P (AB)*≤ P(A) ?* - Feb 16th 2010, 12:06 PMicemanfan
If A represents a subset of the events corresponding to B, then if A occurs, B occurs.

- Feb 16th 2010, 12:25 PMMoo
Hello,

It's not a matter of events, since we want to use the axioms, what you said is not valid ^^'

To prove that A ⊂ B ⇒ P (A) ≤ P (B), just consider the disjoint sets BnA and BnA', where A' denotes the complement of A.

Their union makes B, and by the third axiom of probability, you can conclude...

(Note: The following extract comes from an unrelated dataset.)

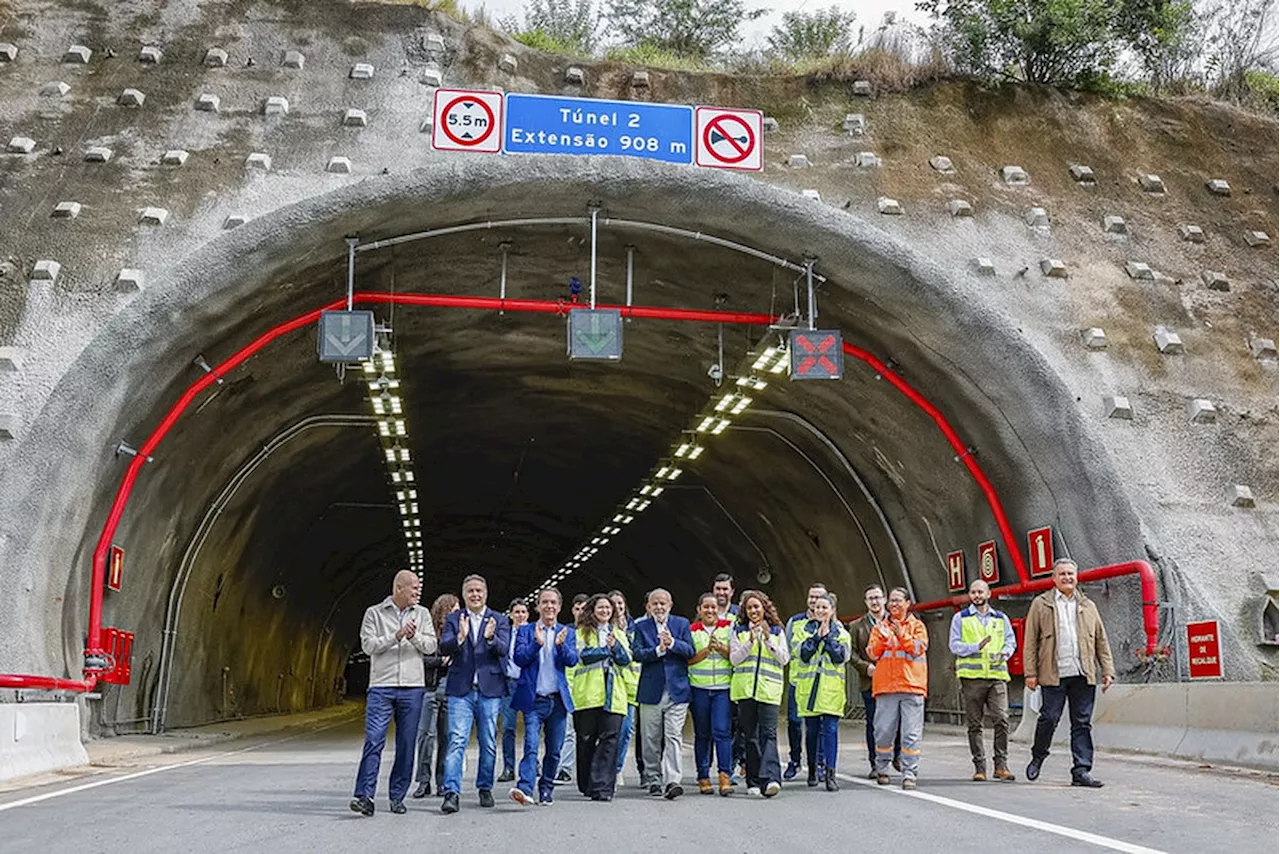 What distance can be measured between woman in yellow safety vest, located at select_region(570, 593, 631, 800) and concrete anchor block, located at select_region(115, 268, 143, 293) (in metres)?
9.06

P(B) ≤ P(AUB) comes from the fact that B ⊂ AUB

P (AB) ≤ P(A) comes from the fact that AB ⊂ A

That's all... - Feb 16th 2010, 12:32 PMjohanS
If you want to prove in a more formal way (instead of using the suggestion above) how can you write$\displaystyle A \cup B$ as a union of disjoint sets? And more easily, what is $\displaystyle A \cup B$ if $\displaystyle A \subset B$ ?

Because if you have X and Y disjoint, i.e. $\displaystyle X \cap Y = \emptyset$ ten by the axioms of probability you know that $\displaystyle P(X \cup Y) = P(X) + P(Y)$ (You will also need to use the fact that for any event $\displaystyle E, P(E) \geq 0$.) If your not used to work with sets you can try by using venn diagrams. - Feb 16th 2010, 12:34 PMjohanS
sorry, when I started writing your reply wasn't here

- Feb 16th 2010, 12:55 PMicemanfan
- Feb 16th 2010, 01:01 PMMoo
Yes, but it can't be taken as a formal proof of what's being said here (Nod)

Why would A be a subset of B, though they're events ? There's a degree of abstract that can't be found if we talk about "if event A occurs, then so does B". It's a mere translation of the inequality between the probabilities that there are in the first message.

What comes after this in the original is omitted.